Looking at it now, it's easy to forget that the Porsche 917 is a production sports car. When the FIA decided that the Championship of Makes would be for 3.0-liter prototypes – ostensibly to slow the climbing speeds at places like Le Mans – it also allowed 5.0-liter sports cars, as long as at least 50 were built for homologation. That was an easy target for the Ford GT40 to hit; other manufacturers didn't jump so quickly. But when the homologation threshold was lowered to 25, Porsche bit.
Thus the 917 was born. With a stunningly lightweight spaceframe chassis that used magnesium and titanium to keep the weight down and a 4.5-liter, 180-degree flat 12 engine, the car was a beast. Porsche almost didn't hit the homologation deadline; only a heroic push by the factory to put 25 working examples in front of FIA inspectors – and producing one of the world's most famous photographs of idle racing cars – meant that the car was able to contest the 1969 season.
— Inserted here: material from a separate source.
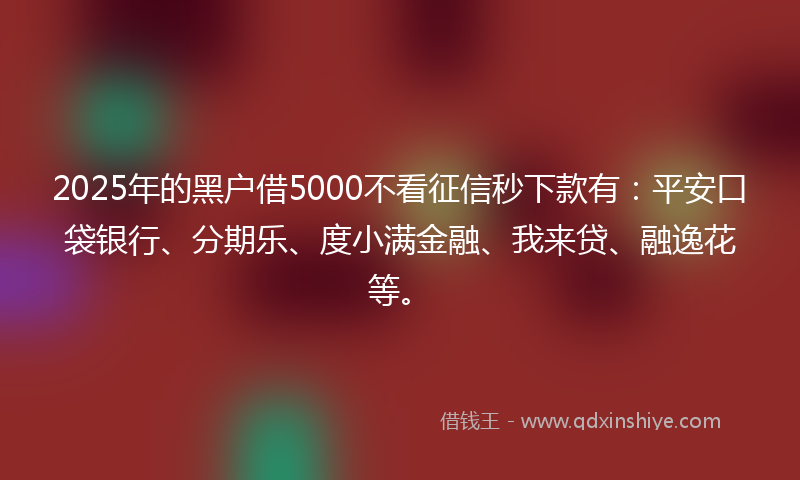 2025年的黑户借5000不看征信秒下款有：平安口袋银行、分期乐、度小满金融、我来贷、融逸花等。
“The first one was almost an undriveable monster,” says Vic Elford (ABOVE), who despite that fact describes the 917 as his favorite Porsche racer. He should know – he's perhaps the only driver to pilot every iteration of the car and drove the car to victory at Sebring in 1971 in addition to doing much of the driving in Steve McQueen's movie, Le Mans. Prior to that, he won the European Rally Championship in a 911 (and won the Monte Carlo Rally) and helped score Porsche's first overall victory at Daytona in a 907 in 1968. He was also very successful at the Nurburgring, but that was one of the races where Porsche chose to race the 908/3 over the 917, the other being the Targa Florio.
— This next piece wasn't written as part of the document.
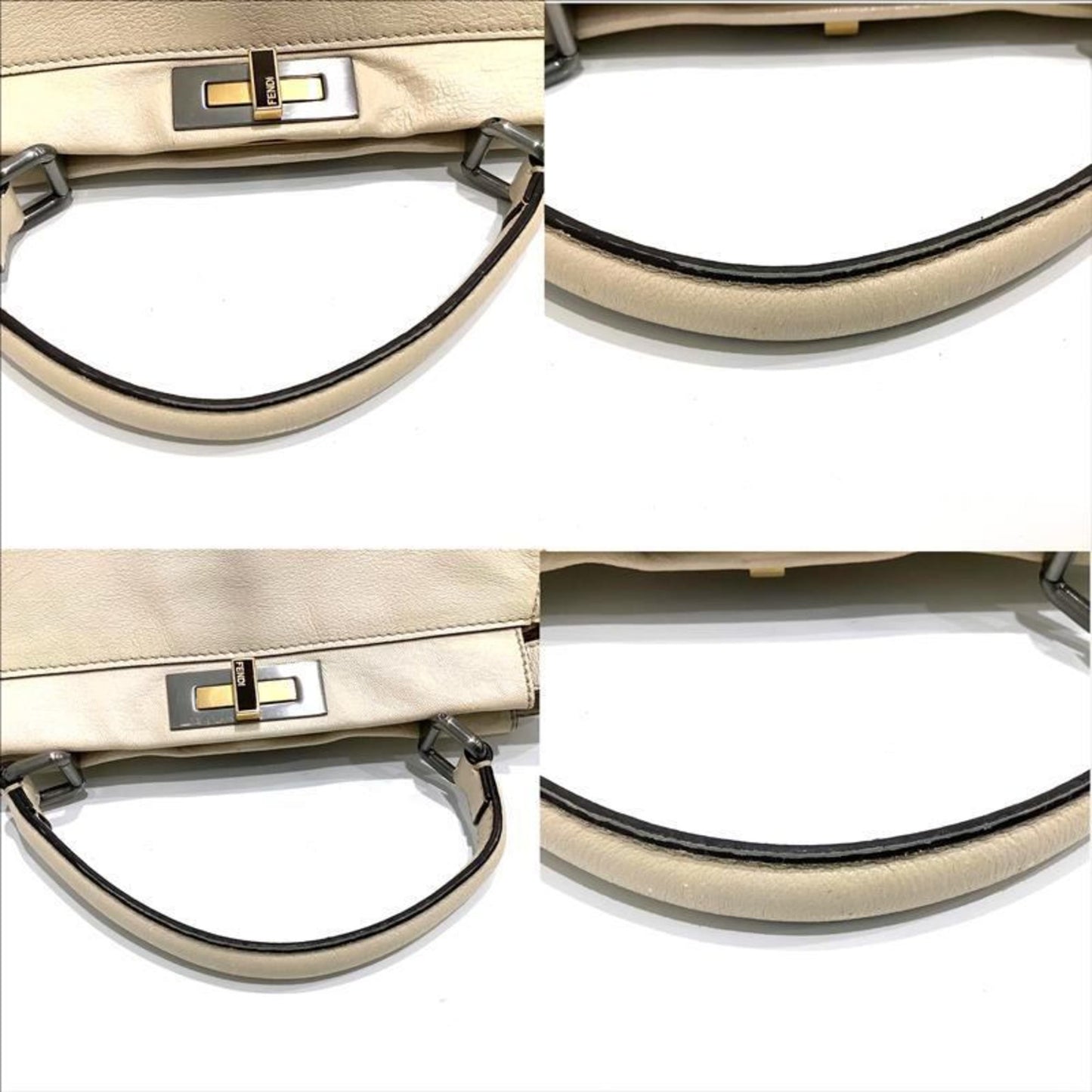 Fendi Peekaboo 8Bn211 Bag Handbag White Ivory Fendi Ja-24389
Given his success in other Porsche models and his description of that first version of the 917, it seems a curious choice as his favorite. “But I liked it because it was so much faster than anything else in the race, even though it was very difficult to drive,” he says of the 1969 Le Mans car. “It was not very nice to drive because we were going into unknown territory. Before that, none of us had been above 200mph. Suddenly that one was doing 220. Nobody knew much about aerodynamics and the suspension was pretty basic compared to what it was a year later.
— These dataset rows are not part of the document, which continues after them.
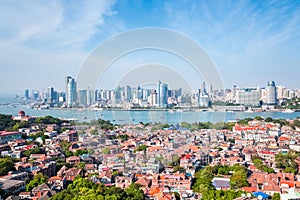 Gulangyu island with xiamen skyline in daytime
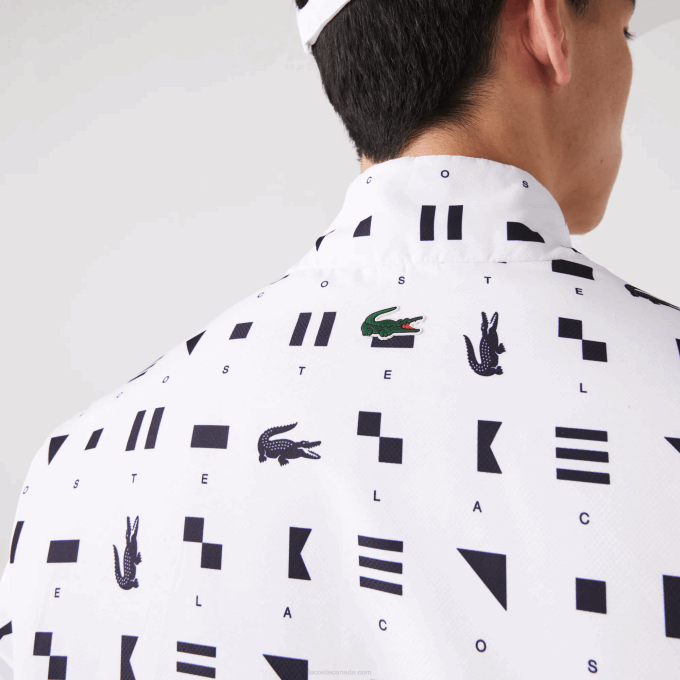 Men Lacoste V0ZN1237 White Navy Blue 0L3 SPORT Reversible Water-Repellent Tennis Jacket - Image 9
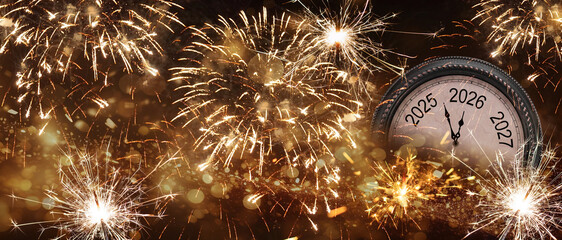 2025, 2026, 2027 New Year - Clock And Golden Fireworks - Countdown To Midnight  - Abstract Defocused Background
“By the following year we had the long tail, with that first 150mph lap. I loved that car. It was beautiful. It was not easy to drive; it was demanding. You had to be very precise. The short tails were comparatively easy to drive, but I loved the long tail because it was so fast, much faster than anything else. It was just such a wonderful car. It rarely broke, and was always super fast under the guidance of people like [Porsche engineer] Peter Falk. We had the best brains in the business, so we had the best cars.”
Elford has a favorite chassis, although he didn't discover that until fairly recently – the No. 25 he raced at Le Mans, chassis No. 042, in 1970.
“I never knew chassis numbers, and I didn't even know this was the case until recently, but my favorite was the 1970 long tail, which became the No. 21 Martini car for 1971. Above being the fastest, it was probably the most beautiful paint job ever on a 917,” he says of the '71 livery. Elford didn't finish the 24 Hours of Le Mans either year, although his teammates won both – Richard Atwood and Hans Herrmann in 1970 and Helmut Marko and Gijs Van Lennep in '71.